On 28 May the Iranian National CERT (MAHER) published an alert on a new attack. “The attack, codenamed "Flame" is launched by a new malware,” it claimed. “At the time of writing, none of the 43 tested antiviruses could detect any of the malicious components.” Nevertheless, it continued, Iran had developed both a method of detection and a method of removal.
This announcement coincided with news stories in the mainstream press about a new highly targeted massive state-sponsored cyberweapon aimed at Iran. Nearly all of this is at least true in part – except it’s not new. It is certainly targeted, and Like Stuxnet appears to be targeted mainly against Iran. It is massive: 20Mb. It is (probably) state-sponsored. Most researchers believe that only a nation state with extensive resources could be behind the development of Flame; while Arutz Sheva (Israel National News) quotes the Israeli vice prime minister Moshe Ya'alon saying "Whoever sees the Iranian threat as a meaningful threat – it is reasonable he would take various measures, including this one.” Arutz Sheva takes this as a hint that Israel developed Flame.
However, while there is extensive conjecture about Flame, there is little yet known. Kaspersky announced yesterday that “The complexity and functionality of the newly discovered malicious program exceeds those of all other cyber menaces known to date.” But while it may be ‘newly discovered’, it is not new malware; something that David Harley, senior researcher at ESET points out. “Conflicting conjecture and confusion over the ‘ownership’ of the detection is muddying the waters,” he comments. “According to the Iran National CERT they had detection (but not removal) for the malware ESET calls Win32/Flamer.A in early May, but Kaspersky claims it’s been in the wild since March 2010: however, it seems to be the same malware threat the Laboratory of Cryptography and System Security (CrySyS) in Budapest calls sKyWIper (which they believe may have been active for 5-8 years or even longer).
“Perhaps the most interesting feature,” he added, “is that the Iran National CERT has volunteered to share samples with security vendors, despite the fact that many software vendors (notably those headquartered in the US) are unable to trade legally with Iran. Bizarrely, these malicious programs are running in Iran on an operating system that Microsoft can’t export to Iran.
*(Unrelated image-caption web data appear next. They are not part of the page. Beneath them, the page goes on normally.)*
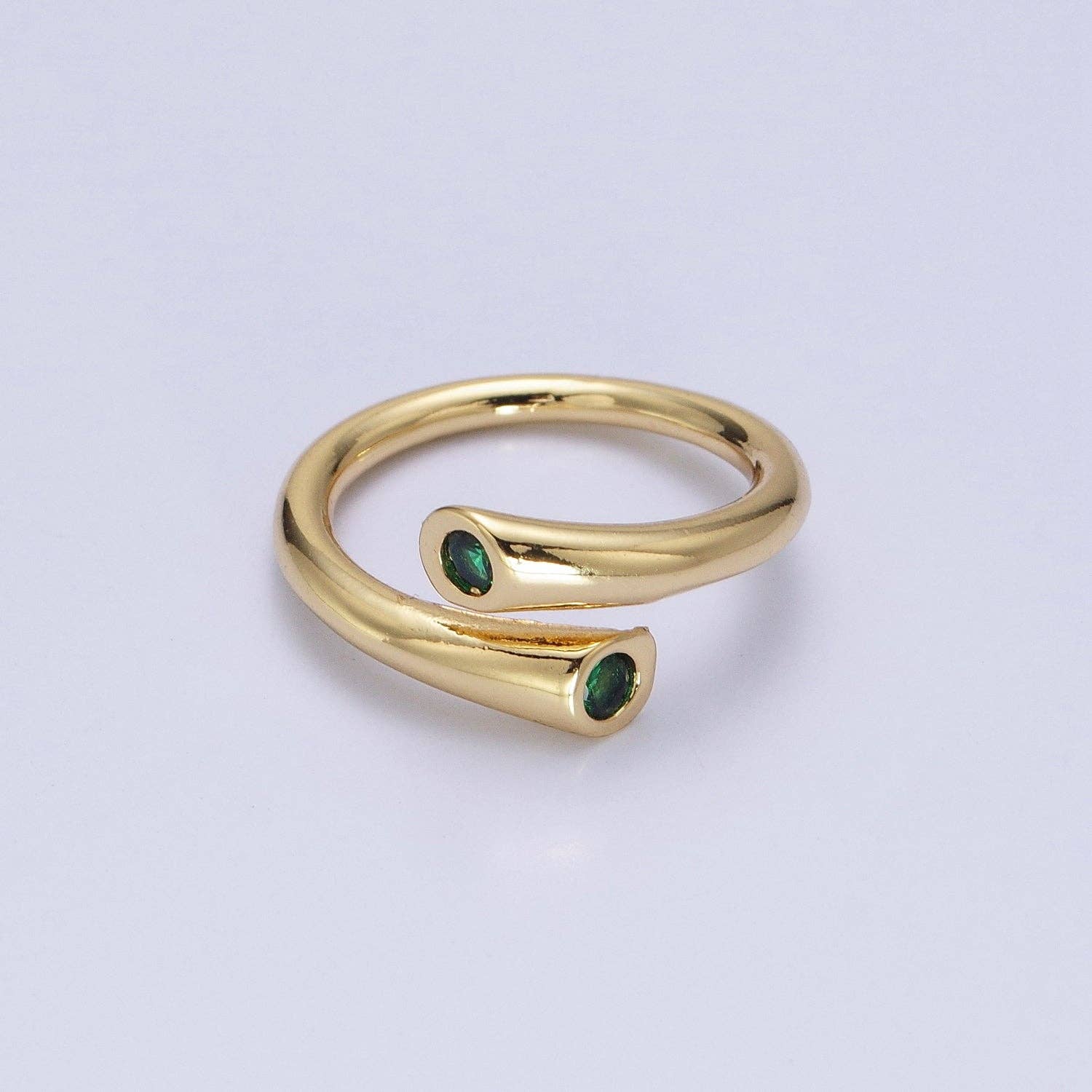 Aim Eternal - Vente Solitaire - Bague câlin en or délicate avec pierre CZ O-1789 ~ O-17942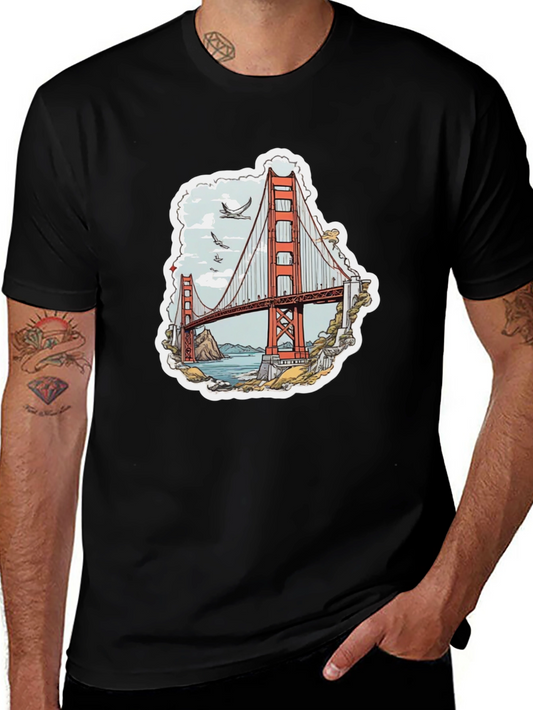 Golden Gate Bridge Graphic Tee - Black T-Shirt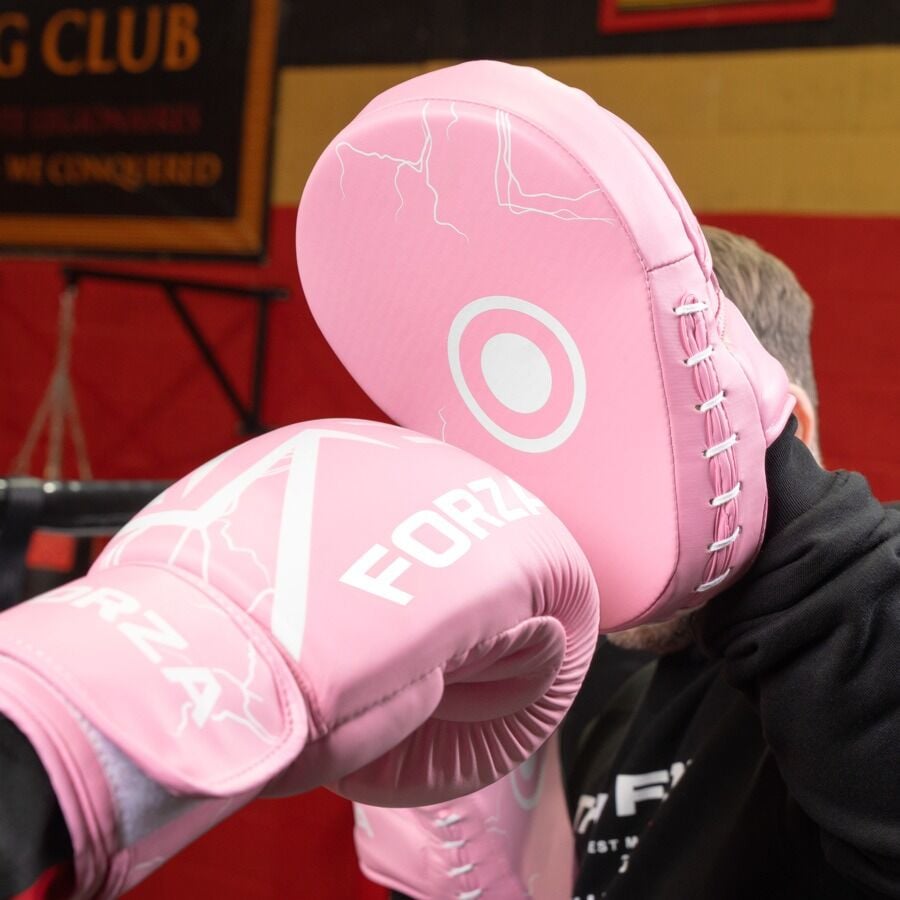 Pattes D'Ours Boxe Professionnelles - Focus Mitts Cuir PU, Gants Training Target Pour Muay Thai, Kick Boxing & Karaté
This restriction may have hampered initial detection of the malware by security vendors outside the region, but samples have subsequently trickled into the mainstream via secondary sources.”
Put simply, almost everything we know about Flame so far is conjecture. We know it is large, sophisticated and targeted. We believe that the primary target is Iran, but it has also been found in other locations. We suspect that it could only have been produced by a nation state, and there is a suggestion that the nation state is Israel. It has some similarities with Stuxnet and Duqu, but more in scope and complexity than in code.
We also know some of its capabilities: its ability to steal documents, screenshots and even audio recordings. According to Alexander Gostev, chief security expert at Kaspersky Lab, “One of the most alarming facts is that the Flame cyber-attack campaign is currently in its active phase, and its operator is consistently surveying infected systems, collecting information and targeting new systems to accomplish its unknown goals.”
An exhaustive analysis of the malware itself, however, is going to take many months.